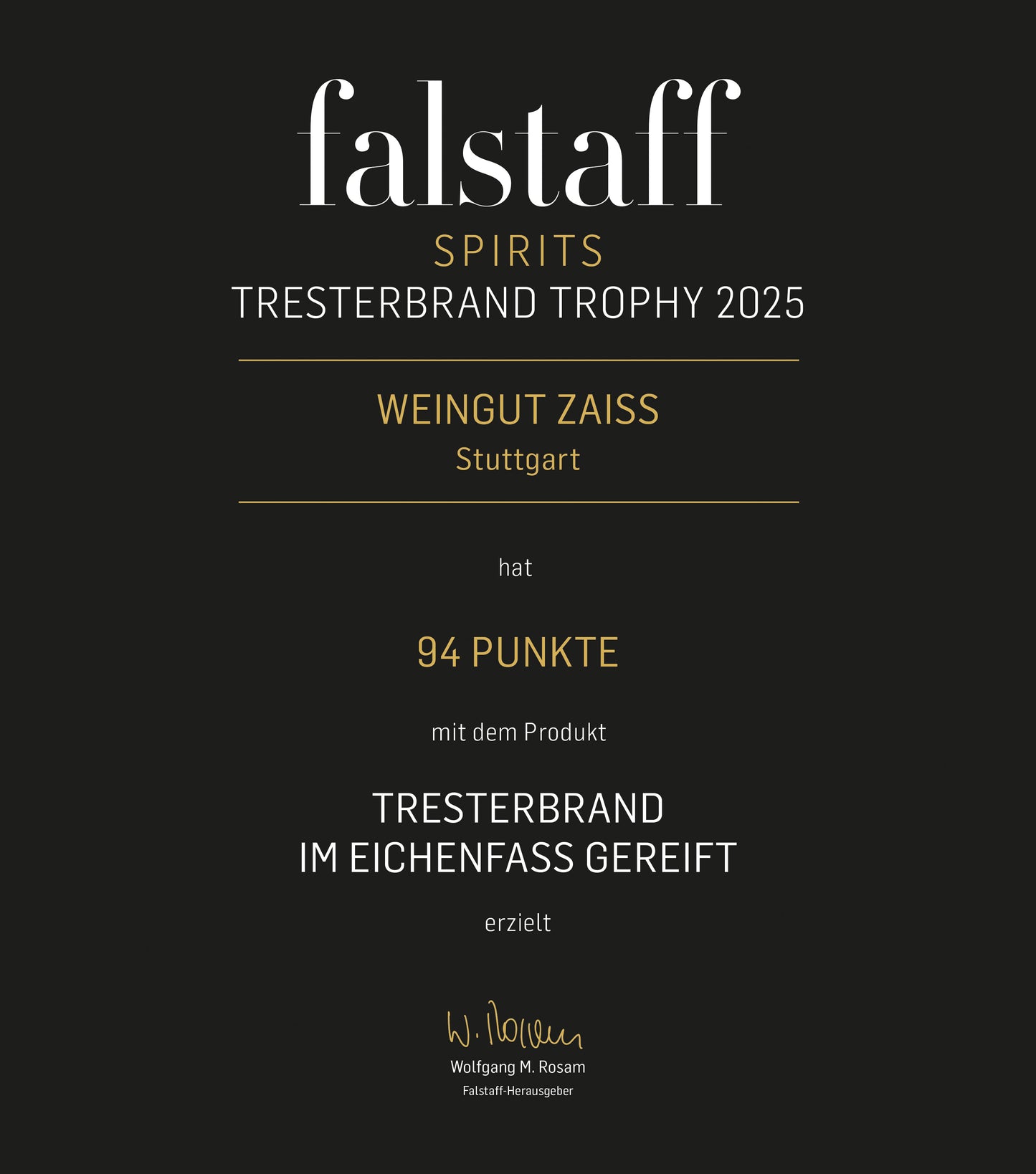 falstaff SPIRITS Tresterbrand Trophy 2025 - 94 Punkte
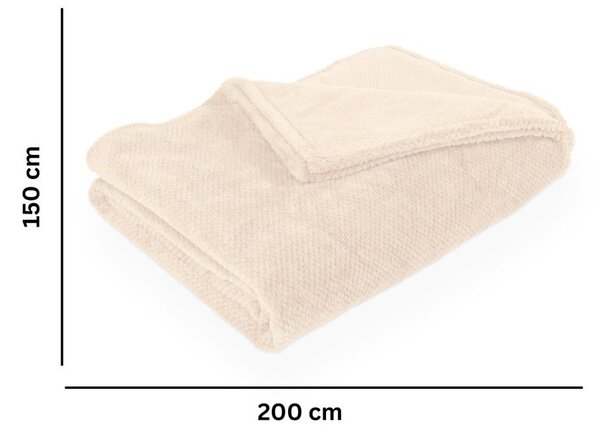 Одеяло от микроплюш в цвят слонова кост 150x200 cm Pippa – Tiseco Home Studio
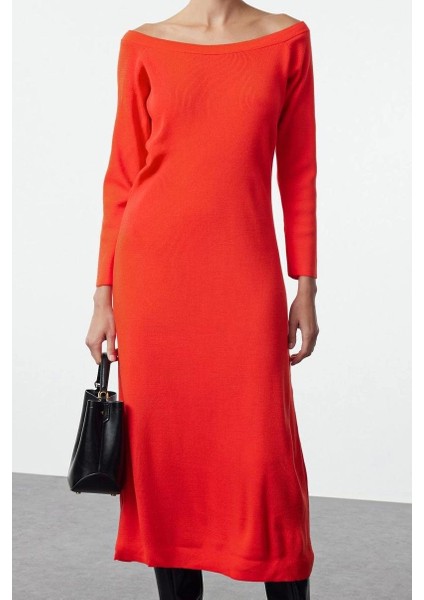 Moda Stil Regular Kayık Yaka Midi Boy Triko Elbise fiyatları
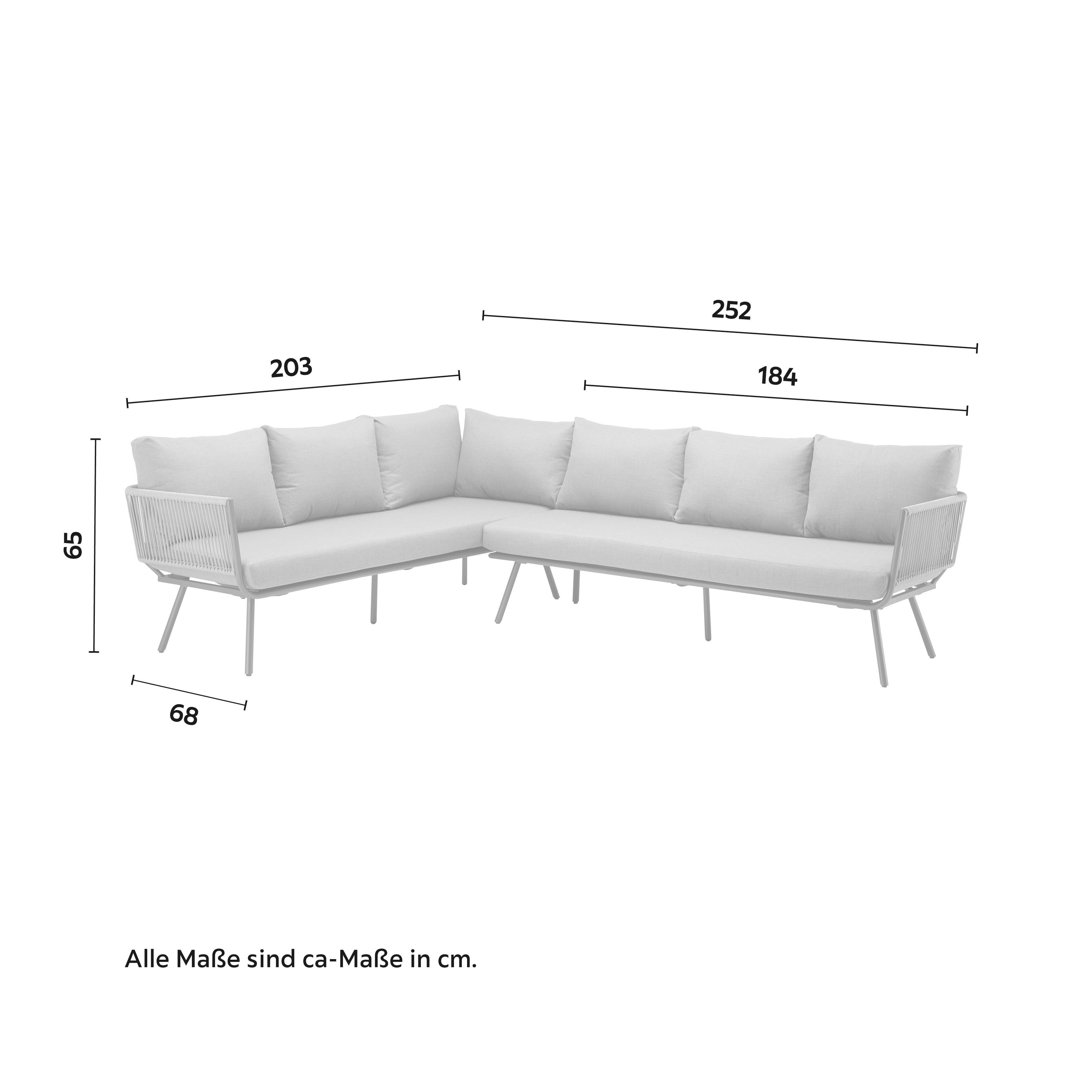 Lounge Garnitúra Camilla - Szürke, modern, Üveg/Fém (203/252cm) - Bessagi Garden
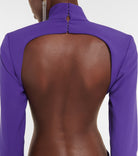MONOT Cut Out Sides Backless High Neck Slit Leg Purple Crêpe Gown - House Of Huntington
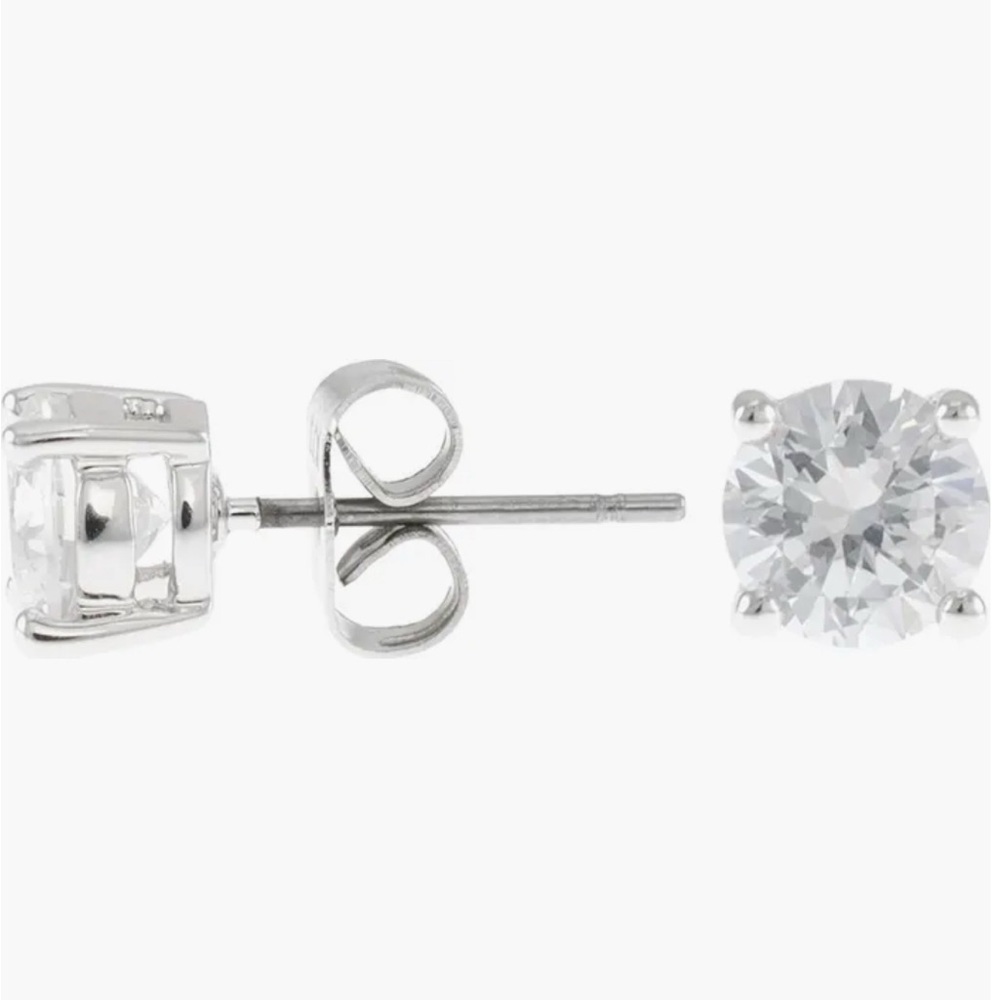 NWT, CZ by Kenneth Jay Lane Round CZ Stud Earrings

==

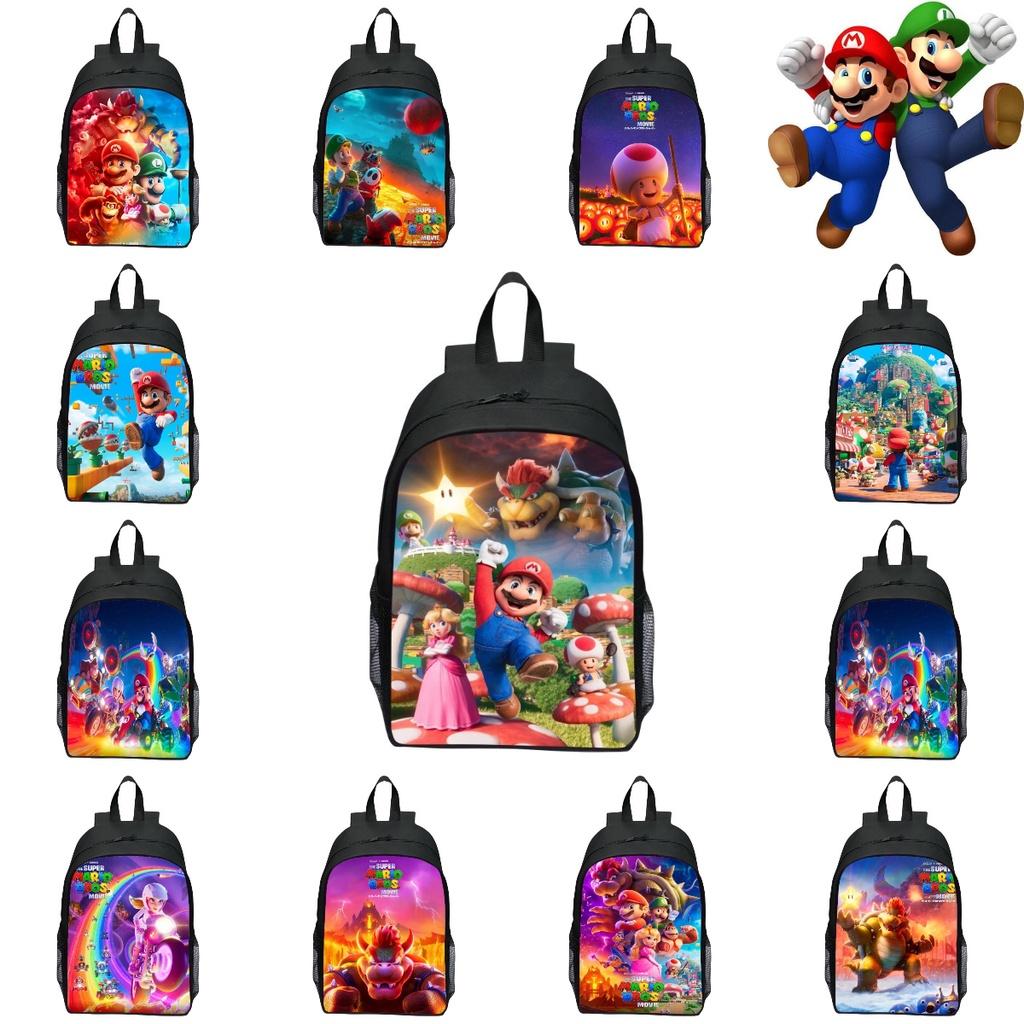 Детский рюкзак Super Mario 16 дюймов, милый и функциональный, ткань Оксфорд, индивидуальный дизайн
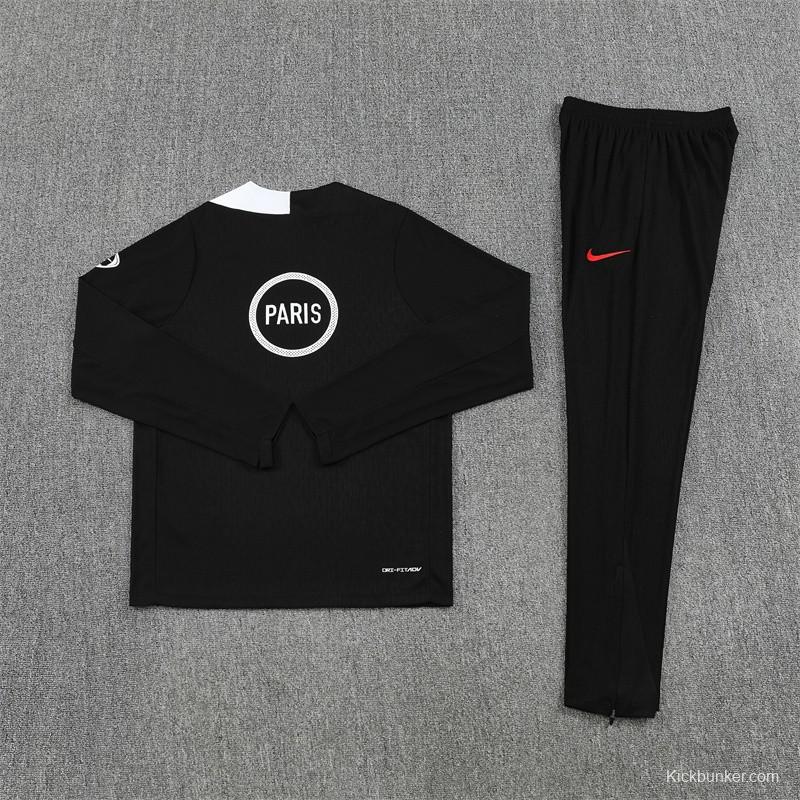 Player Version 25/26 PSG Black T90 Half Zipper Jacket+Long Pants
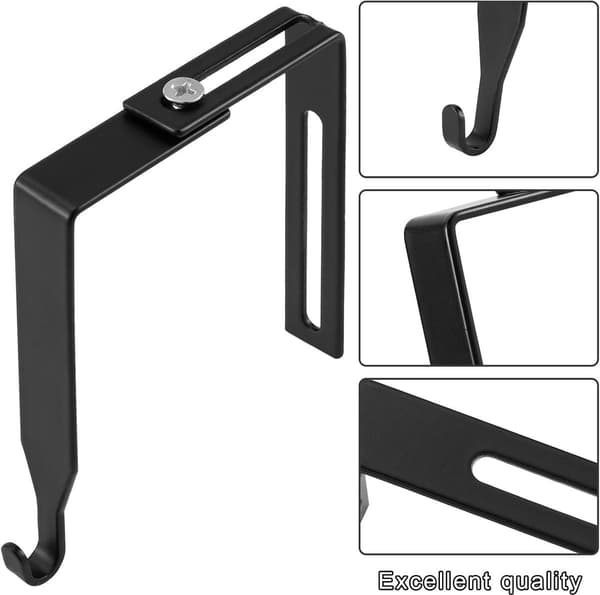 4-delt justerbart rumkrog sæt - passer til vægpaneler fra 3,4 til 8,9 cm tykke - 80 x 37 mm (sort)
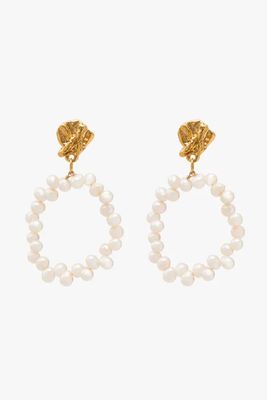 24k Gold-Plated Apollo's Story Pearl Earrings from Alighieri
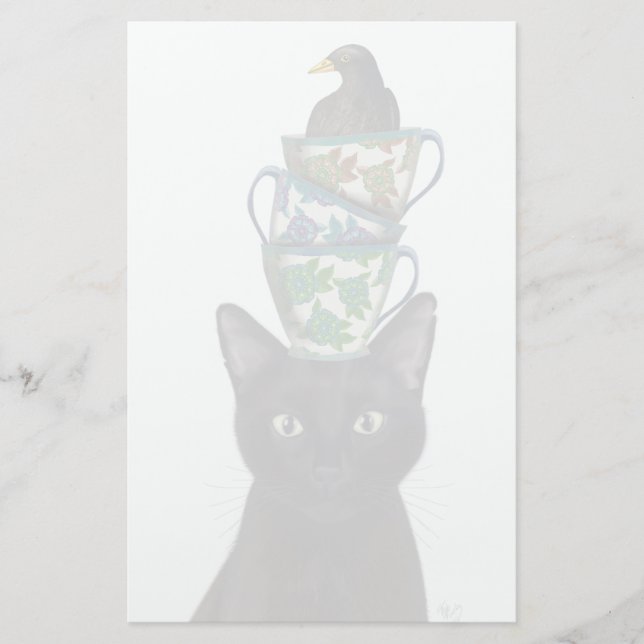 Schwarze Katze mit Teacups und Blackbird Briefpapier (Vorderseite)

...

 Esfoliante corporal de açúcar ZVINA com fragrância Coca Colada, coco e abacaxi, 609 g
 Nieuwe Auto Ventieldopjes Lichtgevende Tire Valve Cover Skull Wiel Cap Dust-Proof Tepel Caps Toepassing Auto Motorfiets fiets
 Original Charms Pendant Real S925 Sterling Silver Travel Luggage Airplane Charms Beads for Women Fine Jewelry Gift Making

_TASK DESCRIPTION_: How would the lines above read from the one with "4-delt justerbart rumkrog" to the one with "Schwarze Katze mit", inclusive, with no pictures? Write them out exactly.

_EXERCISE OUTPUT_:
 4-delt justerbart rumkrog sæt - passer til vægpaneler fra 3,4 til 8,9 cm tykke - 80 x 37 mm (sort)
 24k Gold-Plated Apollo's Story Pearl Earrings from Alighieri
 Schwarze Katze mit Teacups und Blackbird Briefpapier (Vorderseite)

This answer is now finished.